# Smoked salmon (something new)



## bryce (Apr 7, 2015)

So I'm trying two new things today. 1st - I've never smoked salmon on my new WMS so this is a total WAG (wild ass guess) for me. 2nd - this was a spontaneous decision so no time brine. I've never not brined smoked salmon so this will be interesting. I added a fish rub and a little brown sugar to the top of each piece and that's about it.

Smoking at 150 (if any of you have WSM smoked salmon experience is this a good temp?)

Wild caught Sockeye for the fish

Using a combination of Apple and Hickory

Figuring this will take 4 hours...

I was really good at hot-smoking salmon on my old, cheap grill so I'm hoping to lean how to do it on this one.

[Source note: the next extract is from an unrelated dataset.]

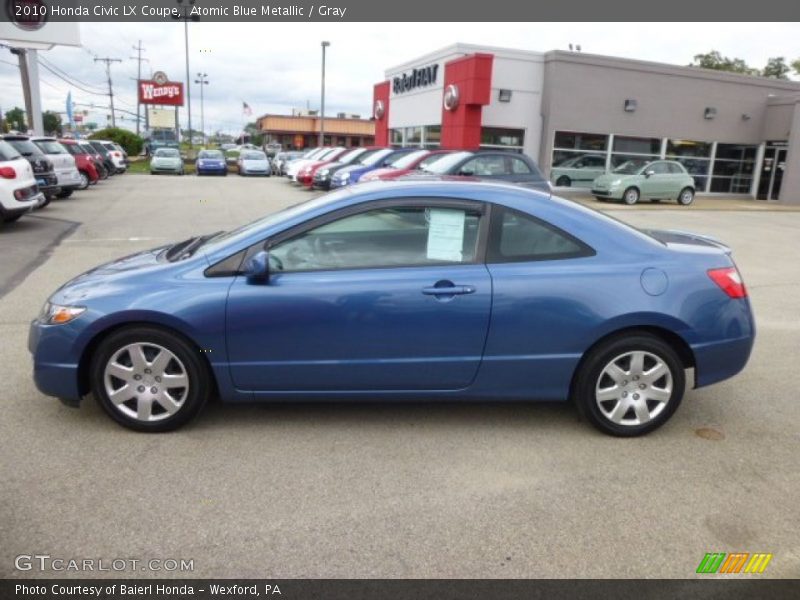 Atomic Blue Metallic / Gray 2010 Honda Civic LX Coupe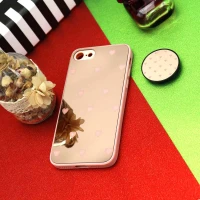 قاب محافظ لنزدار آینه ای + پاپ سوکت طرح قلب صورتی iPhone 7/8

Here it is with the rub. I used a towel to try to soak up moisture since I didn't have time to form a pellicle.  I'm cutting all sorts of corners with this one..hahaha













fish 1.jpg



__ bryce
__ Apr 7, 2015






The seasoning













fish 2.jpg



__ bryce
__ Apr 7, 2015






Into the smoker they go













fish 3.jpg



__ bryce
__ Apr 7, 2015


















fish 4.jpg



__ bryce
__ Apr 7, 2015






I'll take some more pictures later.


----------



## bryce (Apr 7, 2015)

1 hour in.













fish 5.jpg



__ bryce
__ Apr 7, 2015


----------



## bkleinsmid (Apr 7, 2015)

Crazy enough......I think you got a handle on this one. They look great.....

Brad


----------



## dirtsailor2003 (Apr 7, 2015)

Looks tasty!


----------



## brooksy (Apr 7, 2015)

Looking forward to seeing the final product!


----------



## bryce (Apr 7, 2015)

Thanks everyone - so far so good. 1 hour in now. The proof will be in the taste but I can't imagine this coming close to a nicely brined smoked salmon.













fish 6.jpg



__ bryce
__ Apr 7, 2015


----------



## bryce (Apr 7, 2015)

3 hours in and removed the fish. Ran the temp a little too high for this smoker as I would have liked another hour at a lower temp.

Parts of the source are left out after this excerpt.